- _TASK ITEM_
The required output is the exact run of lines below that opens at the line with "CTάؽģģ;ϸģ޸ģ3Dӡٳ" and closes at the line with "Robotic-Assisted Revision Knee Replacement".
══ DATA SUPPLIED
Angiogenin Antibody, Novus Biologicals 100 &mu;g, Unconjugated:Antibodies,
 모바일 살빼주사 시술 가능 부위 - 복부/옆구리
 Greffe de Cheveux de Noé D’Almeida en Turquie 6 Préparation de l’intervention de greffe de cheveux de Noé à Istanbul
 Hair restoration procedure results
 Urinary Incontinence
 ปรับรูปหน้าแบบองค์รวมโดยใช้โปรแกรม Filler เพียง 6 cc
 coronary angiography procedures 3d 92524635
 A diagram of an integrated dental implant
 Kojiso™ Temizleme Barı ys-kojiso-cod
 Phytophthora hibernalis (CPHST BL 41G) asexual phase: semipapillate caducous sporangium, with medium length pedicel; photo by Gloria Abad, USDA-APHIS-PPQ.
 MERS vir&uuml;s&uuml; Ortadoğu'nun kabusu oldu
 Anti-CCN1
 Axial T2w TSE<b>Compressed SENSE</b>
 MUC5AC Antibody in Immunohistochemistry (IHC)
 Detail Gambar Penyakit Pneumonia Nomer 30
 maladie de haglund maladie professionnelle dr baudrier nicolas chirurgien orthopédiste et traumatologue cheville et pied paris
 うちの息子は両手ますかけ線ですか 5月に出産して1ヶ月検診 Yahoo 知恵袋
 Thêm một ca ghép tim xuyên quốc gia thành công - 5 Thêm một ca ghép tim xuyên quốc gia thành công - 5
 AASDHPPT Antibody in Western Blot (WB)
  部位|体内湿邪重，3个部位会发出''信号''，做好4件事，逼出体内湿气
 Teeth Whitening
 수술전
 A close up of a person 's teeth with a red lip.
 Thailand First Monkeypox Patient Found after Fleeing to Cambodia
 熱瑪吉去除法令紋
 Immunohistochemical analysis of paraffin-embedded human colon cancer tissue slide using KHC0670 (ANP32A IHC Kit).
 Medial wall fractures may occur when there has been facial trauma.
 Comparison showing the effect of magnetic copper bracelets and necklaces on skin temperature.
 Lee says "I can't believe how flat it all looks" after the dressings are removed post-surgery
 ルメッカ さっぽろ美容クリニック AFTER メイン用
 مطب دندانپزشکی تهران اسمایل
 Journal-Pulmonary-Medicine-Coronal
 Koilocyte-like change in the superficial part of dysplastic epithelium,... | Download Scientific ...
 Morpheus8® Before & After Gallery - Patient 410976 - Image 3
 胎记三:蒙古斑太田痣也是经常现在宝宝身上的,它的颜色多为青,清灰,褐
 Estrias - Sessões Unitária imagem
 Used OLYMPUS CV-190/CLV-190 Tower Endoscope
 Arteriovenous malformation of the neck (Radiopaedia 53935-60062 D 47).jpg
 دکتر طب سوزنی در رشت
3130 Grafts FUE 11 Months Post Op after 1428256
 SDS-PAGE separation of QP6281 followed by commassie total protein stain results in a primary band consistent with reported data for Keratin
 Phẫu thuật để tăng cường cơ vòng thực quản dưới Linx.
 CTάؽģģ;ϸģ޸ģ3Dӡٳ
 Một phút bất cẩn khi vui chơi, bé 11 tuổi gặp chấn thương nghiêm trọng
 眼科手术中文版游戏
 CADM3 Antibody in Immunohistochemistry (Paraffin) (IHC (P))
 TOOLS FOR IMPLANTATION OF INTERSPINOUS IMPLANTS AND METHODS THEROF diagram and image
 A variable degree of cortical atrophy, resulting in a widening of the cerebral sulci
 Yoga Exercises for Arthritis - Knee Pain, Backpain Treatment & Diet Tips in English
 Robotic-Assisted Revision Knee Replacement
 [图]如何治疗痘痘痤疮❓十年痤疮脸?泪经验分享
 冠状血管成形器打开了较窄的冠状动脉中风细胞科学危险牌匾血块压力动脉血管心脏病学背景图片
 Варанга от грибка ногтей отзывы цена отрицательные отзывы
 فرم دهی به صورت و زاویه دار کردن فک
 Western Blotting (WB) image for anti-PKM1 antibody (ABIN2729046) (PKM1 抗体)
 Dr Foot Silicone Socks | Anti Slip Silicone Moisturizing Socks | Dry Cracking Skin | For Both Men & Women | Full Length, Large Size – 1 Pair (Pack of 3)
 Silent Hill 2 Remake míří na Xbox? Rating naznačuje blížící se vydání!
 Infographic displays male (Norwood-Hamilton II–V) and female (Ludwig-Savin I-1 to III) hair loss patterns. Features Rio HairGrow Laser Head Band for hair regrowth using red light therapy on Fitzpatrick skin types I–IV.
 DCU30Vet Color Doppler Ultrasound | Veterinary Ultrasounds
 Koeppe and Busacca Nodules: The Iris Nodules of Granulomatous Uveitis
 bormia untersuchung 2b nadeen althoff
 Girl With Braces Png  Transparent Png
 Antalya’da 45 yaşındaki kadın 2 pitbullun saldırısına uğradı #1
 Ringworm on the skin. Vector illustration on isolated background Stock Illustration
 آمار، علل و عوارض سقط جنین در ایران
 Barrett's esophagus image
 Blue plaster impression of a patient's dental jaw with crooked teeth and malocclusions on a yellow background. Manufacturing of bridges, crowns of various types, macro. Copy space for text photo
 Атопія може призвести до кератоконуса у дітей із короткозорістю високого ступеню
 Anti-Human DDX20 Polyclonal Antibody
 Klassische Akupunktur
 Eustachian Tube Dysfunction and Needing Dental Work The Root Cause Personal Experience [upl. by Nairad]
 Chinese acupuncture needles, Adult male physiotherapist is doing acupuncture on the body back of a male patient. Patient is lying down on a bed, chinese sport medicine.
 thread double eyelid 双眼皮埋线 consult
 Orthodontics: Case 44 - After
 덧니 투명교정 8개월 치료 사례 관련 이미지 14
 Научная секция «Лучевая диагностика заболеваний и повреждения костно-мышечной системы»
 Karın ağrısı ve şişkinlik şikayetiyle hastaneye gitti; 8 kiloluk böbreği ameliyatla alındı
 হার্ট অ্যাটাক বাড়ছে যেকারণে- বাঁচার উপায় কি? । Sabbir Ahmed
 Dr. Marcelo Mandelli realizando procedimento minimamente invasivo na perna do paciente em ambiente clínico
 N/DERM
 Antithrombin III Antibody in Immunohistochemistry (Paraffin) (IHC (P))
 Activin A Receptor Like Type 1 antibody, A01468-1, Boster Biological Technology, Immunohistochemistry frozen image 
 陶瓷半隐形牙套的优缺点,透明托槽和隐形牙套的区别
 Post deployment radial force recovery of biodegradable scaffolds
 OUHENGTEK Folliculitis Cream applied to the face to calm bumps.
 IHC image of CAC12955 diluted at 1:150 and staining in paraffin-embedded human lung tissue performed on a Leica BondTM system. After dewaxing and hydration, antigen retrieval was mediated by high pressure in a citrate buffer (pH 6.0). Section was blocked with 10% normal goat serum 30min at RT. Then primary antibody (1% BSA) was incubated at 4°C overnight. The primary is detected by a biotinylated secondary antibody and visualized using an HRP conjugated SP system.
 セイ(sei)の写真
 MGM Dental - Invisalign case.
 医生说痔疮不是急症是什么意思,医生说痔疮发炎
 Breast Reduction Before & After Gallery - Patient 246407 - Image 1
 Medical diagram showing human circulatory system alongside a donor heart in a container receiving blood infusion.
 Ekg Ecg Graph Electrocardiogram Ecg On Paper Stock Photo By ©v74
════
- _RESULT_
 CTάؽģģ;ϸģ޸ģ3Dӡٳ
 Một phút bất cẩn khi vui chơi, bé 11 tuổi gặp chấn thương nghiêm trọng
 眼科手术中文版游戏
 CADM3 Antibody in Immunohistochemistry (Paraffin) (IHC (P))
 TOOLS FOR IMPLANTATION OF INTERSPINOUS IMPLANTS AND METHODS THEROF diagram and image
 A variable degree of cortical atrophy, resulting in a widening of the cerebral sulci
 Yoga Exercises for Arthritis - Knee Pain, Backpain Treatment & Diet Tips in English
 Robotic-Assisted Revision Knee Replacement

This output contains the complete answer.